PROVIDED RECORDS:
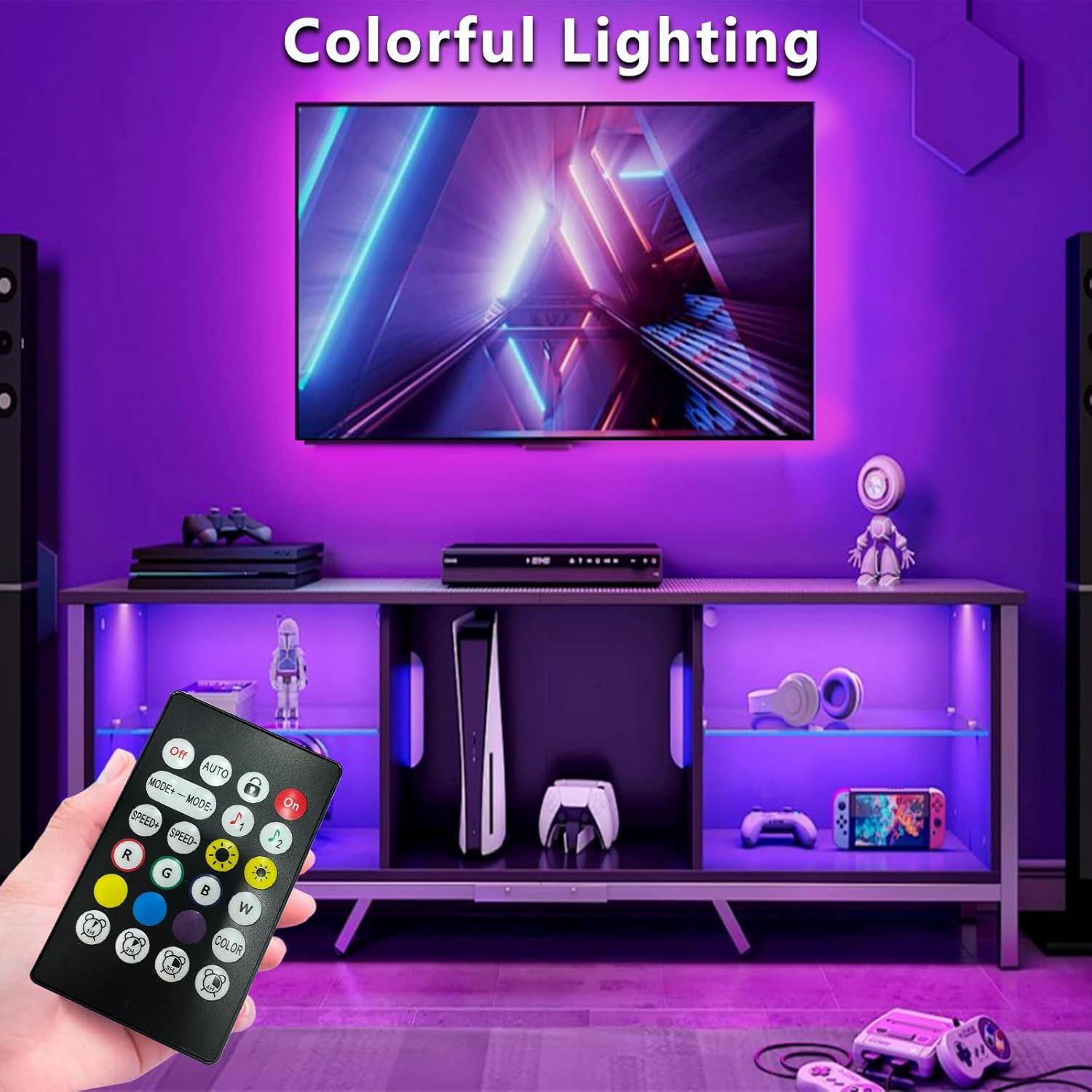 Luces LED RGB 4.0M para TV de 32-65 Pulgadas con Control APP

--

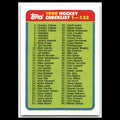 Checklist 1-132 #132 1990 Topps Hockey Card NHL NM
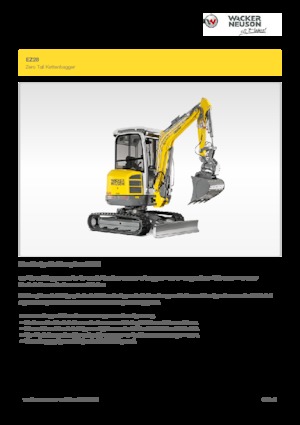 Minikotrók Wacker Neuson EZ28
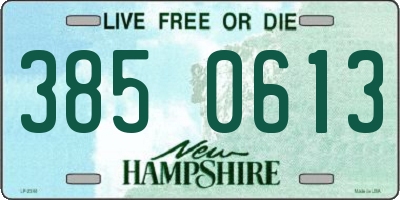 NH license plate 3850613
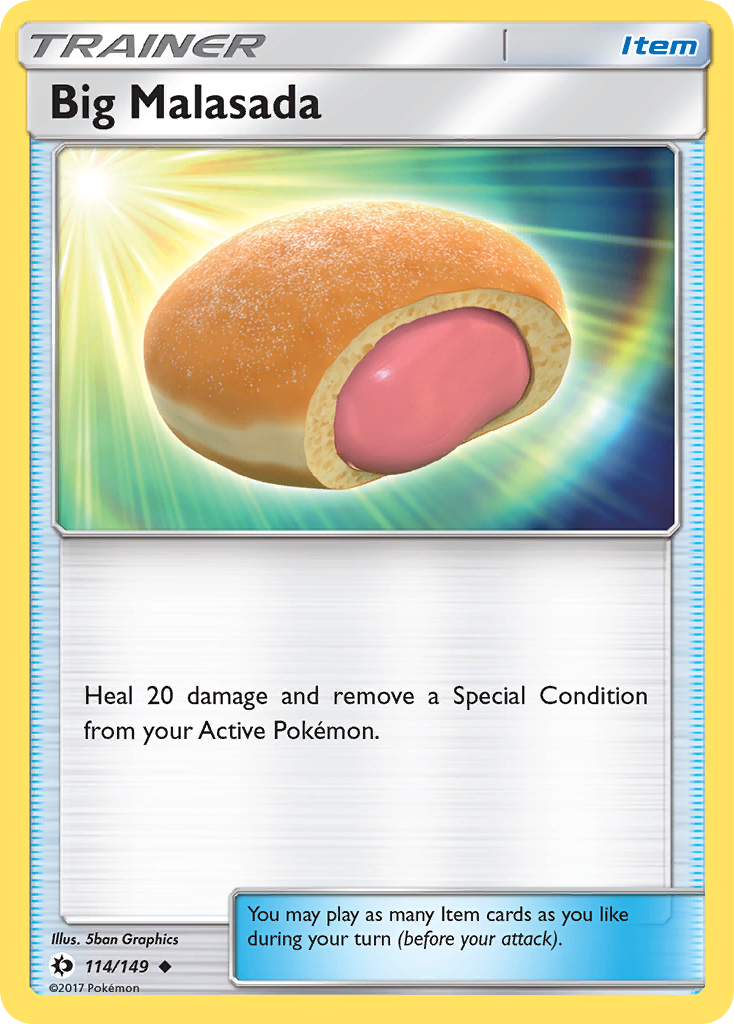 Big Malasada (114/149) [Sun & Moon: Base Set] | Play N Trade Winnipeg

==

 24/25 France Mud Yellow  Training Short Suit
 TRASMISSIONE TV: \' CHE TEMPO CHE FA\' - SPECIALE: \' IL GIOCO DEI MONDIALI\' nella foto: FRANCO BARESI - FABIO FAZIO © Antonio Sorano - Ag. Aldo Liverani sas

YOUR TASK: Return exactly the part of the listing above that opens with the line containing "Minikotrók Wacker Neuson EZ28" and closes with the line containing "Big Malasada (114/149)". Pictures stay out.

RESPONSE TO THE EXERCISE:
 Minikotrók Wacker Neuson EZ28
 NH license plate 3850613
 Big Malasada (114/149) [Sun & Moon: Base Set] | Play N Trade Winnipeg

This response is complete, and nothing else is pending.